“How about the western cowboy and his fancy boots?” Frank shot back over his book.

“Oh, that’s different,” Ralph said. “Honey’s right. That business of taking care of their feet symbolizes the whole sex to me. They do the things they do just because the others do them—like sheep jumping over a wall. Their fad at present is pedicure. Peachy’s at it just like the rest of them. Every night when I come home, I find her sitting down with both feet done up in one of those beautiful scarfs she’s collected, resting on a cushion. It’s rather amusing, though.” Ralph struggled to suppress his smile of appreciation.

“Clara’s the same.” Pete smiled too. “She’s cut herself out some high sandals from a pair of my old boots. And she wears them day and night. She says she’s been careless lately about getting her feet sunburned. And she’s not going to let me see them until they’re perfectly white and transparent again. She says that small, beautiful, and useless feet were one of the points of beauty with her people.”

“Julia’s got the bug, too.” Billy’s eyes lighted with a gleam of tenderness. “Among the things she found in the trunk was a box of white silk stockings and some moccasins. She’s taken to wearing them lately. It always puts a crimp in me to get a glimpse of them—as if she’d suddenly become a normal, civilized woman.”

“Now that I think of it,” Frank again came out of his book. “Chiquita asked me a little while ago for a pair of shoes. She’s wearing them all the time now to protect her feet—from the sun she says.”

“It is the most curious thing,” Billy said, “that they have never wanted to walk. Not that I want them to now,” he added hastily. “That’s their greatest charm in my eyes—their helplessness. It has a curious appeal. But it is singular that they never even tried it, if only out of curiosity.”

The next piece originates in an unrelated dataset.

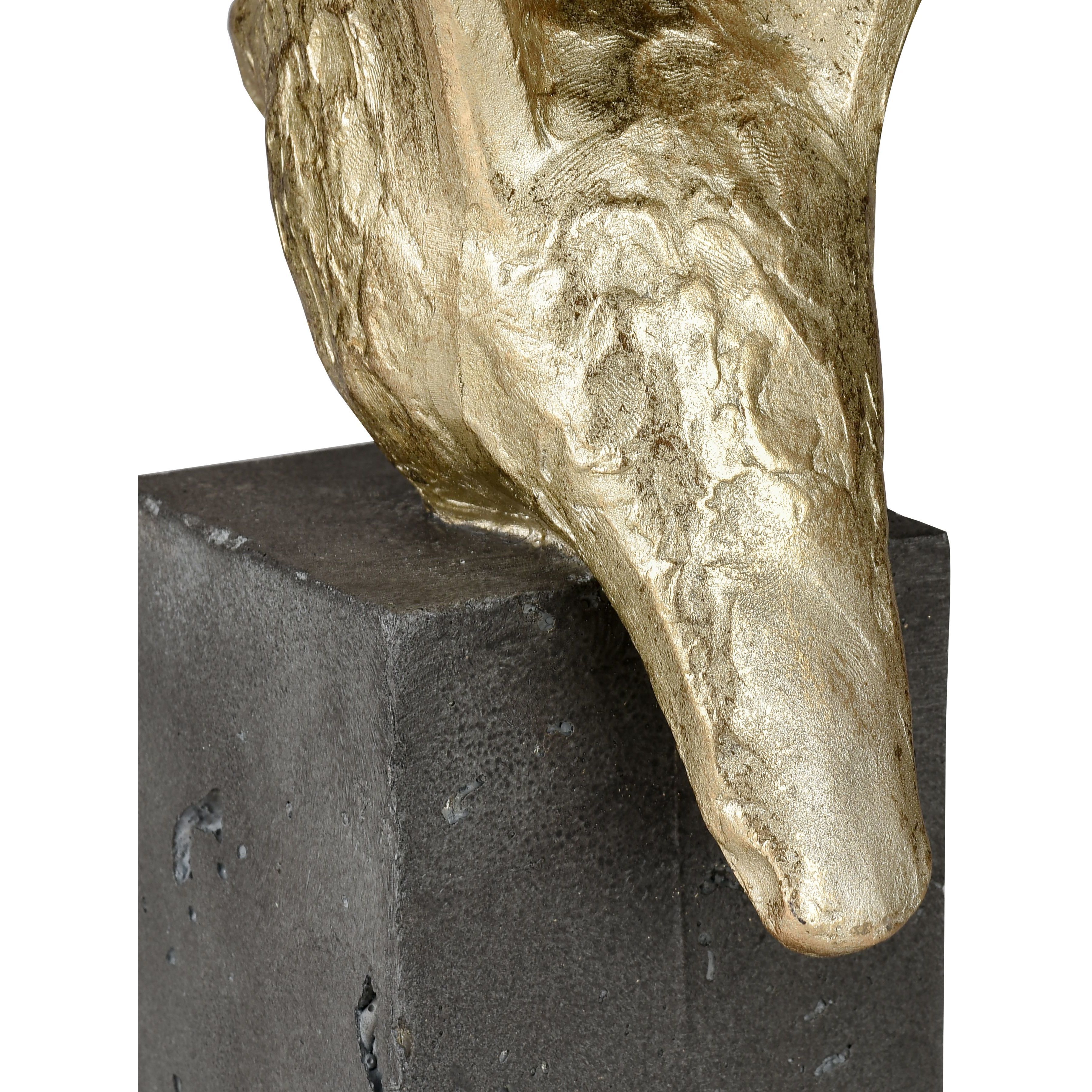 Winged Bird 14.5 X 11.5 inch Sculpture, Set of 3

“They have great contempt for walking,” Honey observed. “And it has never occurred to them, apparently, that they could enjoy themselves so much more if they could only get about freely. Not that I want them to—any more than you. That utter helplessness is, as you say, appealing.”

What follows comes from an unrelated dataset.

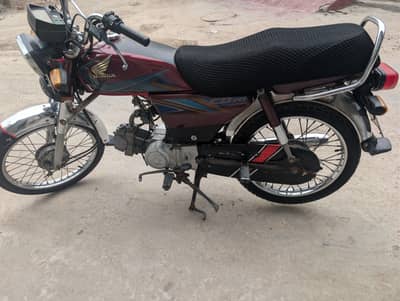 Honda CD 70 2019 Model for Sale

“Oh, well,” Ralph said contemptuously, “what can you expect of them? I tell you it’s lack of gray matter. They don’t cerebrate. They don’t co-ordinate. They don’t correlate. They have no initiative, no creative faculty, no mental curiosity or reflexes or reactions. They’re nothing but an unrelated bunch of instincts, intuitions, and impulses—human nonsense machines! Why if the positions were reversed and we’d lost our wings, we’d have been trying to walk the first day. We’d have been walking better than they by the end of a month.”

“I like it just as it is,” Pete said contentedly. “They can’t fly and they don’t want to walk. We always know where to find them.”

“Thank God we don’t have to consider that matter,” Billy concluded. “Apparently the walking impulse isn’t in them. They might some time, by hook or crook, wheedle us into letting them fly a little. But one thing is certain, they’ll never take a step on those useless feet.”